Apart from the images, reproduce all of the data word for word.

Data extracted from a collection

Segment Open

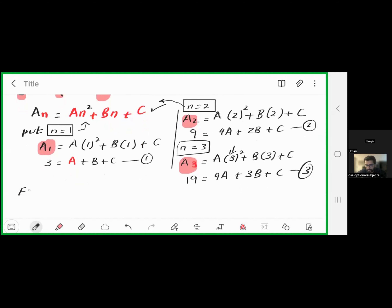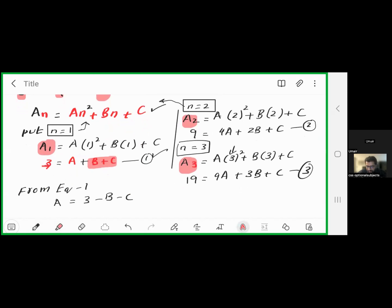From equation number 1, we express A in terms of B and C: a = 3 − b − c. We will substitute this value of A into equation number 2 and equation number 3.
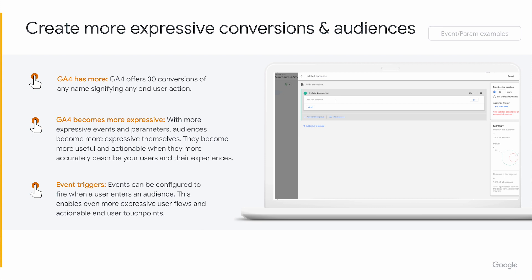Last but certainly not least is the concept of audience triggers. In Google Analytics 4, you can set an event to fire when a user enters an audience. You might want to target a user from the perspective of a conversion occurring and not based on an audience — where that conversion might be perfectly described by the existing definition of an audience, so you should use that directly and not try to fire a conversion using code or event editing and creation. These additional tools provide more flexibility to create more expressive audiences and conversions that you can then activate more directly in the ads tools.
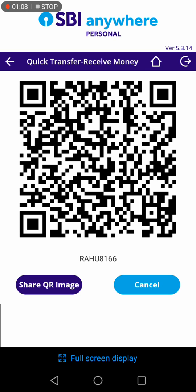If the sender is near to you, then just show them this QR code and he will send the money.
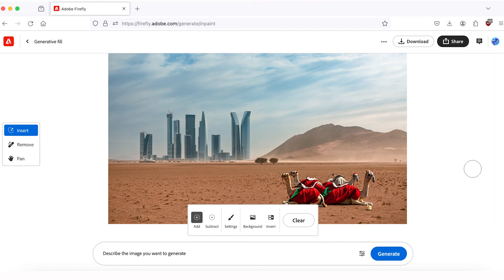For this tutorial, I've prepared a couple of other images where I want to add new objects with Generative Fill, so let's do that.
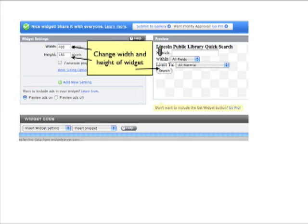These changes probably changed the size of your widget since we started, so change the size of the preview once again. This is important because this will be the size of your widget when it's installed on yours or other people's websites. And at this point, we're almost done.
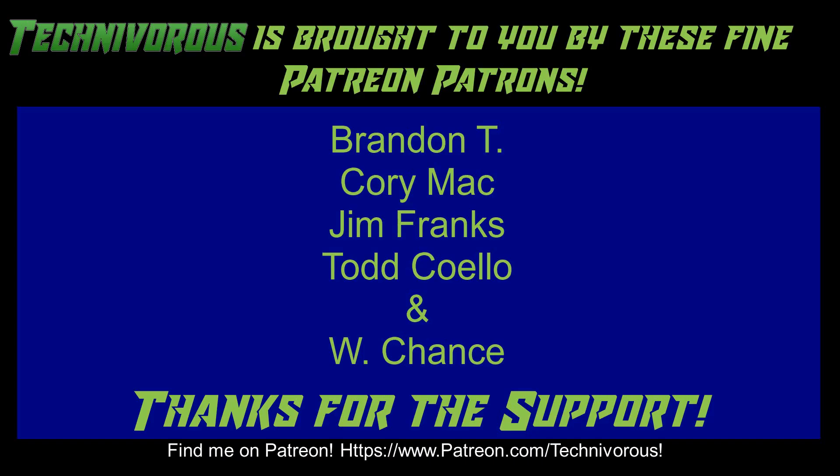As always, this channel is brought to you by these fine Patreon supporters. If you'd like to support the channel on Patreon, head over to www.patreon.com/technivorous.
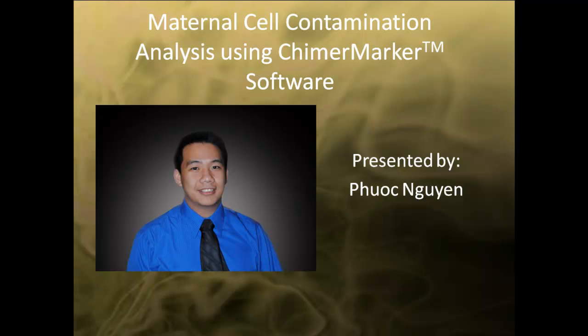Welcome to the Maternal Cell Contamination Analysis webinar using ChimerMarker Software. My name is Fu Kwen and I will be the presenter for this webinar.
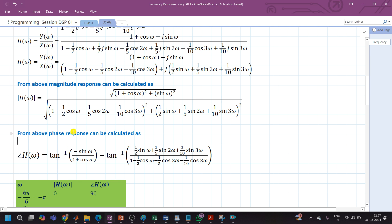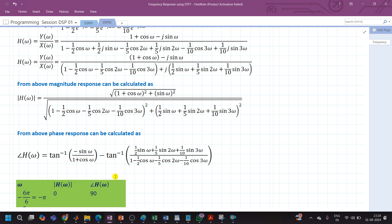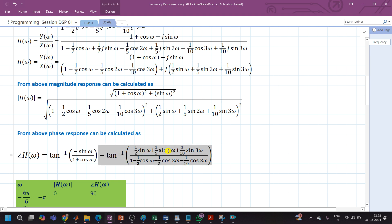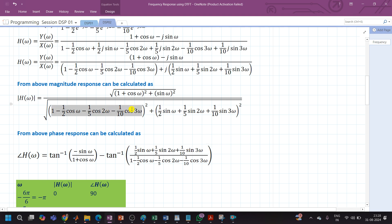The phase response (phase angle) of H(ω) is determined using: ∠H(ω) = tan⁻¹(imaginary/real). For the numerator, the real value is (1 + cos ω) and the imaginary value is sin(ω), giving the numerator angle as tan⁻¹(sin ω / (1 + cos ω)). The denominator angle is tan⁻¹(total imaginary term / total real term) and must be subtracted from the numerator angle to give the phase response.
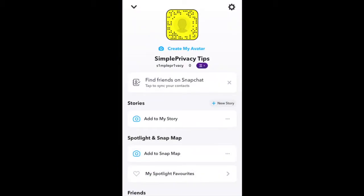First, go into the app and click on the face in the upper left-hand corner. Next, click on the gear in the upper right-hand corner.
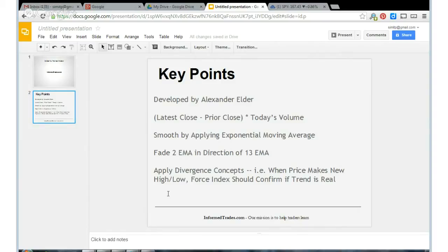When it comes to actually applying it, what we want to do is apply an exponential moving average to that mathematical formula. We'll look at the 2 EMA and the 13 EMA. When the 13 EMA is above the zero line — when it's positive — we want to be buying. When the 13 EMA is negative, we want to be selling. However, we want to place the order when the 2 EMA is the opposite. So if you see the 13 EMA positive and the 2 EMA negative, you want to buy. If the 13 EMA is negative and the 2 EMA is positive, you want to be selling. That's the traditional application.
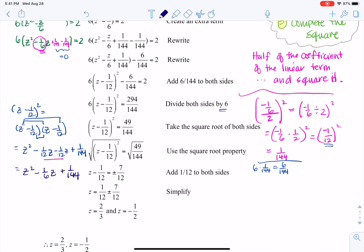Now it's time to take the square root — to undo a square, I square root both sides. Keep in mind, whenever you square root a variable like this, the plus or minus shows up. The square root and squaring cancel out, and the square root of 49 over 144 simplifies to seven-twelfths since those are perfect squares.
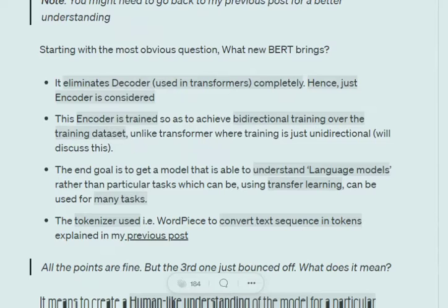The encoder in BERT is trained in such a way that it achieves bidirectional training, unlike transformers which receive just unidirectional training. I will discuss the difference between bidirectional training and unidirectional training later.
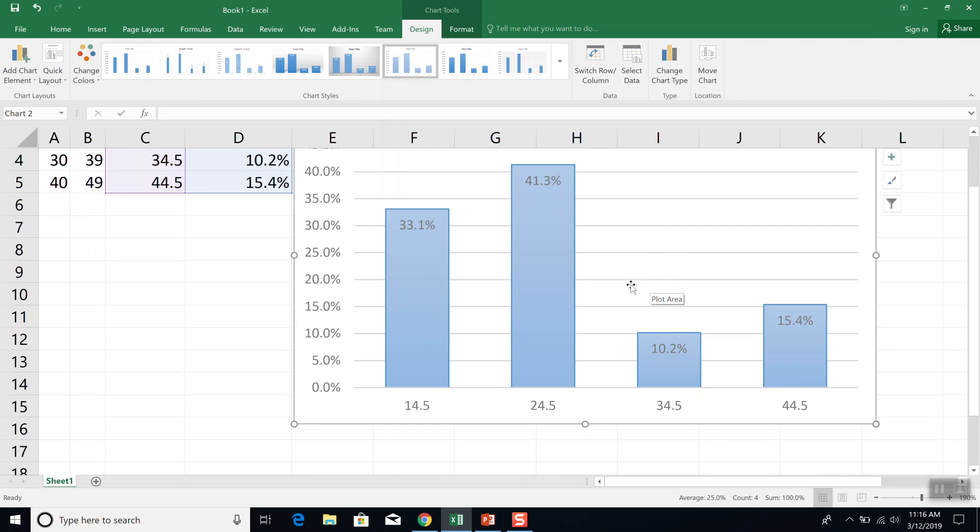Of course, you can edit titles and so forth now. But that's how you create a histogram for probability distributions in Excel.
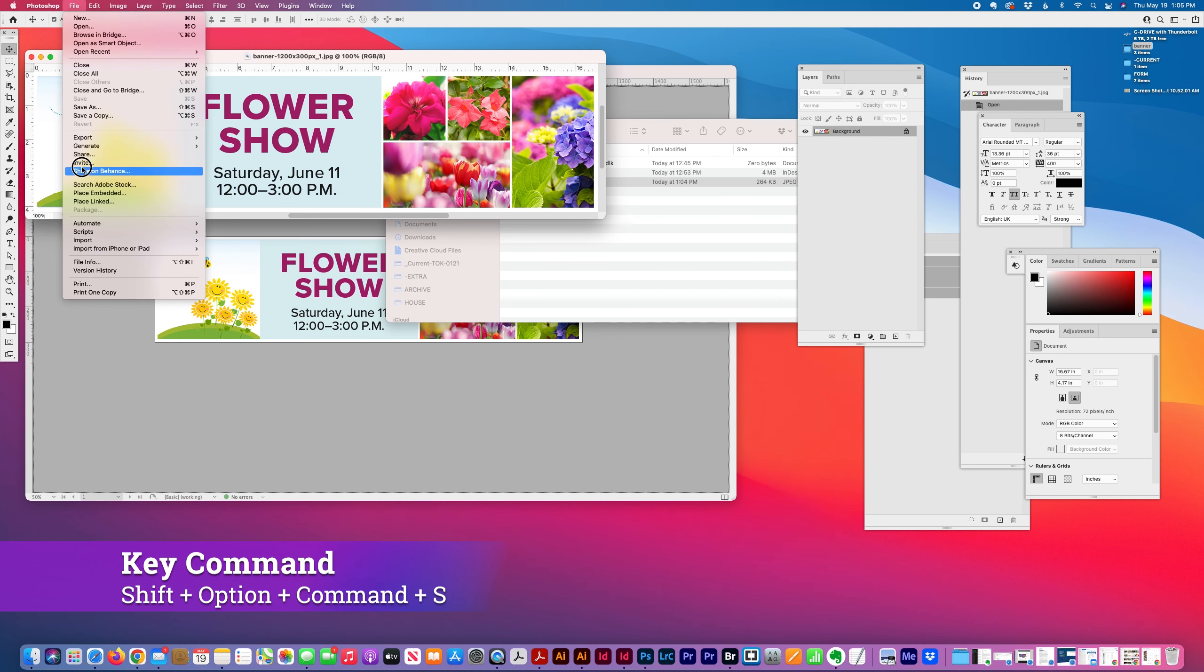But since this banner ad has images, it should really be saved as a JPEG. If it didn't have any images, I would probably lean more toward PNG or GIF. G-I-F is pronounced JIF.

Segment Closed

◆ **Solution to this problem**:
From equation number 1, we express A in terms of B and C: a = 3 − b − c. We will substitute this value of A into equation number 2 and equation number 3.
Last but certainly not least is the concept of audience triggers. In Google Analytics 4, you can set an event to fire when a user enters an audience. You might want to target a user from the perspective of a conversion occurring and not based on an audience — where that conversion might be perfectly described by the existing definition of an audience, so you should use that directly and not try to fire a conversion using code or event editing and creation. These additional tools provide more flexibility to create more expressive audiences and conversions that you can then activate more directly in the ads tools.
If the sender is near to you, then just show them this QR code and he will send the money.
For this tutorial, I've prepared a couple of other images where I want to add new objects with Generative Fill, so let's do that.
These changes probably changed the size of your widget since we started, so change the size of the preview once again. This is important because this will be the size of your widget when it's installed on yours or other people's websites. And at this point, we're almost done.
As always, this channel is brought to you by these fine Patreon supporters. If you'd like to support the channel on Patreon, head over to www.patreon.com/technivorous.
Welcome to the Maternal Cell Contamination Analysis webinar using ChimerMarker Software. My name is Fu Kwen and I will be the presenter for this webinar.
The phase response (phase angle) of H(ω) is determined using: ∠H(ω) = tan⁻¹(imaginary/real). For the numerator, the real value is (1 + cos ω) and the imaginary value is sin(ω), giving the numerator angle as tan⁻¹(sin ω / (1 + cos ω)). The denominator angle is tan⁻¹(total imaginary term / total real term) and must be subtracted from the numerator angle to give the phase response.
First, go into the app and click on the face in the upper left-hand corner. Next, click on the gear in the upper right-hand corner.
When it comes to actually applying it, what we want to do is apply an exponential moving average to that mathematical formula. We'll look at the 2 EMA and the 13 EMA. When the 13 EMA is above the zero line — when it's positive — we want to be buying. When the 13 EMA is negative, we want to be selling. However, we want to place the order when the 2 EMA is the opposite. So if you see the 13 EMA positive and the 2 EMA negative, you want to buy. If the 13 EMA is negative and the 2 EMA is positive, you want to be selling. That's the traditional application.
Now it's time to take the square root — to undo a square, I square root both sides. Keep in mind, whenever you square root a variable like this, the plus or minus shows up. The square root and squaring cancel out, and the square root of 49 over 144 simplifies to seven-twelfths since those are perfect squares.
The encoder in BERT is trained in such a way that it achieves bidirectional training, unlike transformers which receive just unidirectional training. I will discuss the difference between bidirectional training and unidirectional training later.
Of course, you can edit titles and so forth now. But that's how you create a histogram for probability distributions in Excel.
But since this banner ad has images, it should really be saved as a JPEG. If it didn't have any images, I would probably lean more toward PNG or GIF. G-I-F is pronounced JIF.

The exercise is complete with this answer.